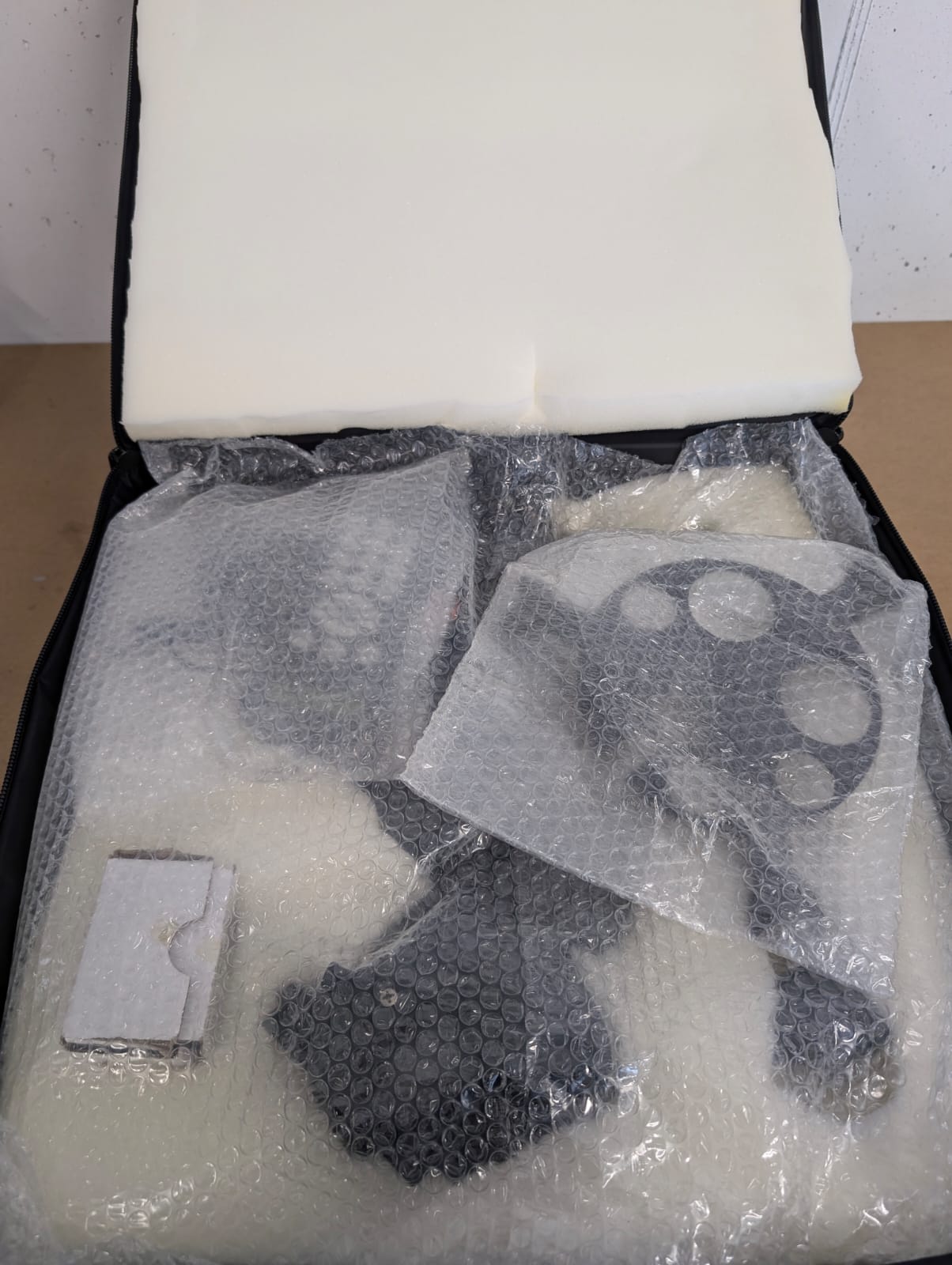   Montatura equatoriale alla tedesca computerizzata AVX (Advanced VX) per tubi ottici fino a 14 Kg Usato ottime condizioni, pack in bag artesky inclusa  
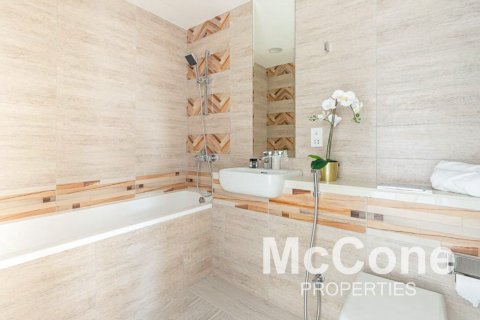 Byt v Mohammed Bin Rashid City, Dubai, SAE 2 ložnice, 152.55 m² Č.: 587364 - fotografie 14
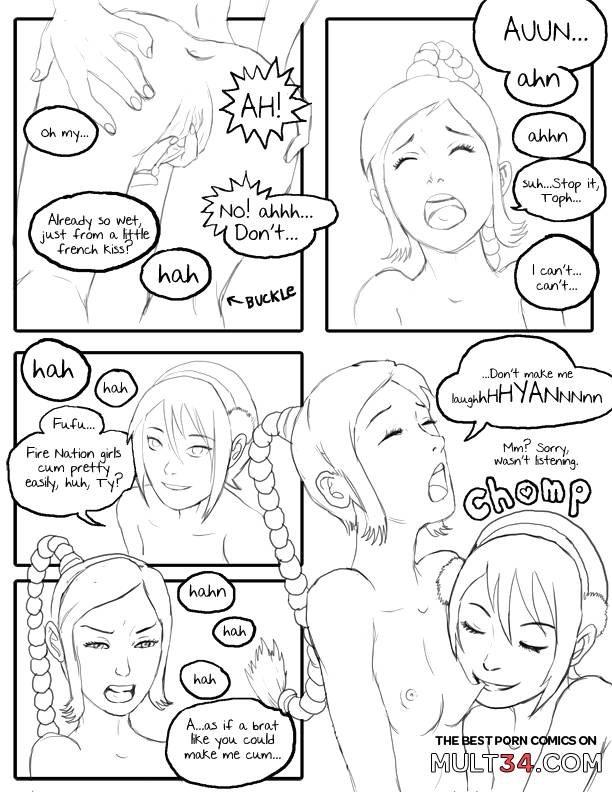 Cumbustion Girls 1&2 page 7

* Required work:
Give back the whole listing exactly; no pictures.

* Task output:
   Montatura equatoriale alla tedesca computerizzata AVX (Advanced VX) per tubi ottici fino a 14 Kg Usato ottime condizioni, pack in bag artesky inclusa  
 Byt v Mohammed Bin Rashid City, Dubai, SAE 2 ložnice, 152.55 m² Č.: 587364 - fotografie 14
 Cumbustion Girls 1&2 page 7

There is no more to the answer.